Une paix introuvable ?
Cette lecture donne la triste impression d’une paix introuvable, qui relativise beaucoup les clichés : le 11 novembre 1918 n’est pas la fin de toute violence en Europe. Une liste impressionnante de conflits suit l’armistice et les traités de paix : des guerres civiles (Hongrie, Finlande, Russie…), d’agression (guerre russo-polonaise, guerre gréco-turque), des révoltes et révolutions (Allemagne, Italie…), des affrontements coloniaux (Maroc, Syrie…) et aussi des conflits sociaux majeurs (France, Italie, Allemagne…). Si une partie a été traitée dans un autre ouvrage, Les guerres des Années folles, 1919-1925, on appréciera l’effort de synthèse ici entrepris. L’auteur montre bien que passer d’un monde à l’autre est difficile, que les décideurs ont fait ce qu’ils ont pu, malgré de nombreuses arrière-pensées et appétits fleurant bon le XIXe siècle. Le suivant naît véritablement après 1918 et dans la douleur. De très intéressantes pages expliquent la naissance des différents partis communistes et des conflits de ceux-ci avec les socialistes, et montrent bien toutes les ambiguïtés politiques et sociales dans de nombreux pays. Le cas allemand est à cet égard confondant : la République de Weimar fait très difficilement le deuil de l’Empire allemand et les socialistes d’abord au pouvoir font le jeu des partis d’extrême-droite par peur d’une « contamination » bolchévique, avec des résultats bien plus catastrophiques que le traité de Versailles lui-même. La naissance et la diffusion du fascisme en Italie est également rappelée, ainsi que les déchirements de la gauche française en 1919-1920, sans parti pris ni commentaire déplacé de la part de l’auteur. Les choses sont bien expliquées, traitées avec professionnalisme et on comprend bien pourquoi tels choix ont été faits et pas tels autres. Sortir de la guerre est aussi difficile, sinon plus, que d’y entrer.

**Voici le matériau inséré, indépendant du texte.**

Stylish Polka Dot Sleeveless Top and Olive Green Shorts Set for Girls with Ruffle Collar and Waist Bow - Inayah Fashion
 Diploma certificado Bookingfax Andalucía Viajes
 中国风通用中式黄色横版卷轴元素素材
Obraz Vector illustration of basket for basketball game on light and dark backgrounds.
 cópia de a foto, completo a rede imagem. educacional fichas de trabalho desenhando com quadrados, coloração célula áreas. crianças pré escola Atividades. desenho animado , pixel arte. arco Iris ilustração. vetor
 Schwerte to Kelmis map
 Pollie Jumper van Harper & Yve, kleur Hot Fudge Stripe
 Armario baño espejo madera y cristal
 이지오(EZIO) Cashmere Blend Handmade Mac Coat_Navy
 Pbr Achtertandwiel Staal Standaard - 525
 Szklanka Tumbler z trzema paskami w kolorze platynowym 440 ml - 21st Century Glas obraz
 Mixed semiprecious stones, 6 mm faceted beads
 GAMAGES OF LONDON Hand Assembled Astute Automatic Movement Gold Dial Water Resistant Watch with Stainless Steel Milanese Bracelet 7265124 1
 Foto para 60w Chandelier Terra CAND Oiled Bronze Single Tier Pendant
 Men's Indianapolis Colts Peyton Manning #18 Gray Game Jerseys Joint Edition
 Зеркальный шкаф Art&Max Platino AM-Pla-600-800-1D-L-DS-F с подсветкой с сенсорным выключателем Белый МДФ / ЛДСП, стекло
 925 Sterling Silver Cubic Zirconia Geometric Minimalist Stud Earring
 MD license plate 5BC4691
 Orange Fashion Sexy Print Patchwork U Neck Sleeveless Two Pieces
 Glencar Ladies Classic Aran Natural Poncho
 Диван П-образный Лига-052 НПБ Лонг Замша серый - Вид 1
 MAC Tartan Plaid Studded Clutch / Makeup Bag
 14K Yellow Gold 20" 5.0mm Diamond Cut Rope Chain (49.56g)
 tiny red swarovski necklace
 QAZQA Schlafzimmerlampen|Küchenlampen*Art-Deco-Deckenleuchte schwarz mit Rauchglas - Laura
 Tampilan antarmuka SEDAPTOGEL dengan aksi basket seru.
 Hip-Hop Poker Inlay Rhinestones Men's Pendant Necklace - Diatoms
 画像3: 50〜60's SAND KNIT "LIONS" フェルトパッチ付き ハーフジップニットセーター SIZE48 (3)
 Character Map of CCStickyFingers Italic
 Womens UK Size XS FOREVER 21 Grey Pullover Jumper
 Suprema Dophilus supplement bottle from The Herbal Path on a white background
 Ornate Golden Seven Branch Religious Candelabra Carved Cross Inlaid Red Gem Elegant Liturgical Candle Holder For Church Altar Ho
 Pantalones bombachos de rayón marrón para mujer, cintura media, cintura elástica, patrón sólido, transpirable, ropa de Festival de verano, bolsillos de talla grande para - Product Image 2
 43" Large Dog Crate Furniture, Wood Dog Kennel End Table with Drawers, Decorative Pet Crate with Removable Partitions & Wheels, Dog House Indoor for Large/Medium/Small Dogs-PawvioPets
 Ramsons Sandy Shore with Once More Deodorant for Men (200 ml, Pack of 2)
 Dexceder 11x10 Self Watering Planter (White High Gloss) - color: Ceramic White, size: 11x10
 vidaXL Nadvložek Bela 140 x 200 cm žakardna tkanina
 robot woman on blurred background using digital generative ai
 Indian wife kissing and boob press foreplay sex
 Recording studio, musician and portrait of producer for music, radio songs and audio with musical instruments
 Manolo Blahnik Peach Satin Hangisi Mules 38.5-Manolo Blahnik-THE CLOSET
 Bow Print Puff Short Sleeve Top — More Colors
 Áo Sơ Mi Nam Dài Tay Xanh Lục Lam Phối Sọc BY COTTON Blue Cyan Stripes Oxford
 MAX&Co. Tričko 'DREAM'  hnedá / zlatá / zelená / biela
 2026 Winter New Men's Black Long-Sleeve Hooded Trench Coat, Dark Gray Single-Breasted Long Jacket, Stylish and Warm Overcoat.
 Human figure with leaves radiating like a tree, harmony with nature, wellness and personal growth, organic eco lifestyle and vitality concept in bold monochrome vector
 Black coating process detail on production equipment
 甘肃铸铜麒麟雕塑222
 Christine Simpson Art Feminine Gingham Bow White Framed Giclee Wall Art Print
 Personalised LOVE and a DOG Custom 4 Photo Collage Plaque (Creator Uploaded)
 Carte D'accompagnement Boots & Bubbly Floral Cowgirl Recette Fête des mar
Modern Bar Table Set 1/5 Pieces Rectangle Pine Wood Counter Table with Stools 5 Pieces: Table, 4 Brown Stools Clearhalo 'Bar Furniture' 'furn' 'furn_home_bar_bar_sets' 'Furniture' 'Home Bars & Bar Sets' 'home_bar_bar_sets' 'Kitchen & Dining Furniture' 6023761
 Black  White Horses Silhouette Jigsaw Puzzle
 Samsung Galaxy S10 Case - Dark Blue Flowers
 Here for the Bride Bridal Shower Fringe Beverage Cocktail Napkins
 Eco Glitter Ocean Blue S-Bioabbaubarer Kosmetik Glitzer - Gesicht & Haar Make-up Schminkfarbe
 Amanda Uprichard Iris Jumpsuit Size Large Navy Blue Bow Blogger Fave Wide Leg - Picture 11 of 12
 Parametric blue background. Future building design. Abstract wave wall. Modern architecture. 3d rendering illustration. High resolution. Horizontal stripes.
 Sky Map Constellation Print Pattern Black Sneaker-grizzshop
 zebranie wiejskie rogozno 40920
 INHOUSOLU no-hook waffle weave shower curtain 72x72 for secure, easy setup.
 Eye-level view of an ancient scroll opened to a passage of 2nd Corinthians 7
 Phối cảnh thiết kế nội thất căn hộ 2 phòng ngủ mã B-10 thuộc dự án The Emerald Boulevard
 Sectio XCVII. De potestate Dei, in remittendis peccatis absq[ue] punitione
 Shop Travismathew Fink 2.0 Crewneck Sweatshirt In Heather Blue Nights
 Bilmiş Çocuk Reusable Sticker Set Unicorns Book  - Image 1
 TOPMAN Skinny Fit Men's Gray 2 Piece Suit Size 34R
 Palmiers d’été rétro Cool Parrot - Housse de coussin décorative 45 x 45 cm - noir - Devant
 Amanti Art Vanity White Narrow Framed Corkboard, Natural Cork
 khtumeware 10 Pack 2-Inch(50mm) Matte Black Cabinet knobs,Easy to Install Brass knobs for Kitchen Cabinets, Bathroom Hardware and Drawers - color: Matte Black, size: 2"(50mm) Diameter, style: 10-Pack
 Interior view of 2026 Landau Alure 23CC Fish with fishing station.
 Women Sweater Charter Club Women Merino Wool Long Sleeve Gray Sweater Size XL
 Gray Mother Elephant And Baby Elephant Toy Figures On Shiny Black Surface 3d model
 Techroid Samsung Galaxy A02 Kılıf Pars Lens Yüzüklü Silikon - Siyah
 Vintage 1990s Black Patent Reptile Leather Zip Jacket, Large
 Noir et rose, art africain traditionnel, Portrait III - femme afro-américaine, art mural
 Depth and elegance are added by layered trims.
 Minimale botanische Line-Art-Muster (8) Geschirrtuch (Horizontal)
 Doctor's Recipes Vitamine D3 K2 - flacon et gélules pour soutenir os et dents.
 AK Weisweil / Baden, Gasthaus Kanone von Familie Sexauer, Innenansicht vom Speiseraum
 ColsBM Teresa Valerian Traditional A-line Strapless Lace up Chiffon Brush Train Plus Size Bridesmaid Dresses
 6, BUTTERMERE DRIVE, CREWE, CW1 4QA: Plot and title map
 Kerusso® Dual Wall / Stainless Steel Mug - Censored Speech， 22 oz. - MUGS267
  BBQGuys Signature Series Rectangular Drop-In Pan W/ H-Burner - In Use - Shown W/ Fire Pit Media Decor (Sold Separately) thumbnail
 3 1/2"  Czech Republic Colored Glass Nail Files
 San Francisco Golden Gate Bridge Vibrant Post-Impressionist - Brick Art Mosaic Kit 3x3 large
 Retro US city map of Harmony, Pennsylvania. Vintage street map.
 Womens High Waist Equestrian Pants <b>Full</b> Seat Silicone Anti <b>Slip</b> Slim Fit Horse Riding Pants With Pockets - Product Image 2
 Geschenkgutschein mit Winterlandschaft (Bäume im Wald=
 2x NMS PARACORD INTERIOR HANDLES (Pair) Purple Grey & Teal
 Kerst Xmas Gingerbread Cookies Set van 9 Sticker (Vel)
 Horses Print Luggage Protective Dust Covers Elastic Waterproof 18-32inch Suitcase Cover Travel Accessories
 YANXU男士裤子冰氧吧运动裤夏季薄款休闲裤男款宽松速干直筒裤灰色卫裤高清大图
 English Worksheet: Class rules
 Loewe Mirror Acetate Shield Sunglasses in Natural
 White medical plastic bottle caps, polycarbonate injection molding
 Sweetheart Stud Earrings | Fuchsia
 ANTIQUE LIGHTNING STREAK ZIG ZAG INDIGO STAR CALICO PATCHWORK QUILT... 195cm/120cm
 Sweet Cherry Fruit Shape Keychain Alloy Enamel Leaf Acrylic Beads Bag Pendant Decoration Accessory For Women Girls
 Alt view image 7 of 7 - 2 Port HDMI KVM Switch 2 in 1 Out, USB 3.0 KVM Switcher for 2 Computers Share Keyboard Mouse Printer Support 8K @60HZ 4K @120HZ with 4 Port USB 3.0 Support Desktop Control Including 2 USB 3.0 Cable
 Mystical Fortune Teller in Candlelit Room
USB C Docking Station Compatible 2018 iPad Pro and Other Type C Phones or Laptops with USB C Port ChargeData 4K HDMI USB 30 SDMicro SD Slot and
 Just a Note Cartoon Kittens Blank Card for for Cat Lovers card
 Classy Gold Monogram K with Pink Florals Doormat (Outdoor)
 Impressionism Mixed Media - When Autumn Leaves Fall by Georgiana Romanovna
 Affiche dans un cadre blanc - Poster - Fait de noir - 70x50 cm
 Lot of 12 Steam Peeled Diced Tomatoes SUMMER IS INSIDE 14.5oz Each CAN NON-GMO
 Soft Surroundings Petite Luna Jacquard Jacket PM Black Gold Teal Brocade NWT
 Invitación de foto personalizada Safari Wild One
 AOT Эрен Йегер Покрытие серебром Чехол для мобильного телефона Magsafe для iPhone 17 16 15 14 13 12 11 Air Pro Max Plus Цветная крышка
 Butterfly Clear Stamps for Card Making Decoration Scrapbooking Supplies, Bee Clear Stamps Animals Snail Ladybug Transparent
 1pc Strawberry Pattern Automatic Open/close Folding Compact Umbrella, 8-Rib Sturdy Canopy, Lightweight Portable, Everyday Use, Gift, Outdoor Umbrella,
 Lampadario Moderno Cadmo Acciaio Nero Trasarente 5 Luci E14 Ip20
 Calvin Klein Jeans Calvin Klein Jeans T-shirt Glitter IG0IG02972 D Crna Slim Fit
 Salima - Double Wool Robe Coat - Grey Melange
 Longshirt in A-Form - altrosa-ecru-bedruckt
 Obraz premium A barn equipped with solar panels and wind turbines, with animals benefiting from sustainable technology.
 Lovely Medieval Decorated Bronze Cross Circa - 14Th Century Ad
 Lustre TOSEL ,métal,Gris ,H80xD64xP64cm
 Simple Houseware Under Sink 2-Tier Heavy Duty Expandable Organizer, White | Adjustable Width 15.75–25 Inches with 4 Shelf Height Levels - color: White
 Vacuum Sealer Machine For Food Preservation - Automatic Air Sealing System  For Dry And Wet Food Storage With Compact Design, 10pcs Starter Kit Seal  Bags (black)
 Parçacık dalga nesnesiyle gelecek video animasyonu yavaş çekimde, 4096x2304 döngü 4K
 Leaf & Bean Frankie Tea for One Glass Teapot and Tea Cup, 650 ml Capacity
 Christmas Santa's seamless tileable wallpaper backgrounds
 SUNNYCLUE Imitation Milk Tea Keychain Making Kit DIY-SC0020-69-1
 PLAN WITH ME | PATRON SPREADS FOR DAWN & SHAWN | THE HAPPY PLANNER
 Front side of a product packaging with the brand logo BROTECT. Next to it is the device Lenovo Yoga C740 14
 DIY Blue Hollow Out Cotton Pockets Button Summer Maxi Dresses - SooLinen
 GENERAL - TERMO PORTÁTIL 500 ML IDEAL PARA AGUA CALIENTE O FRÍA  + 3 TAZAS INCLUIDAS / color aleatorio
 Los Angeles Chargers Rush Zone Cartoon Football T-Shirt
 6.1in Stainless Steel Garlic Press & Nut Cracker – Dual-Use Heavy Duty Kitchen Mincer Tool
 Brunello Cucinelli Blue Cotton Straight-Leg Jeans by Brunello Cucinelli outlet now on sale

Il restait certes possible d’affiner l’analyse en prenant un peu plus en compte les éléments culturels ou religieux, importants dans de nombreux cas : le rôle de l’Église catholique belge ou française pendant la guerre et après est ainsi important, ainsi que les dimensions religieuses de la guerre civile russe ou le dégoût de nombreuses églises catholiques pour la révolution et le bolchévisme, qui ont parfois conduit à des compromissions avec certains pouvoirs en place.
Conclusion
Ces remarques faites, nous sommes en face d’un très bon ouvrage, solide, à la lecture plaisante et qui donne envie d’en apprendre davantage. Le lecteur averti apprendra quand même des choses et aura une somme à jour et le néophyte trouvera un travail conséquent, à même d’embrasser la complexité de ces années. Bon nombre d’enseignants du secondaire peuvent aussi y trouver de la matière utile pour nourrir leur enseignement. L’épaisseur du livre ne doit pas repousser : le volume est nécessaire à l’explication et à la nuance, deux points cardinaux en histoire. On pourra sans peine poursuivre cette lecture par celle des deux volumes suivants, même si je trouve à titre personnel que celui-ci est le meilleur des trois, ce qui est très subjectif.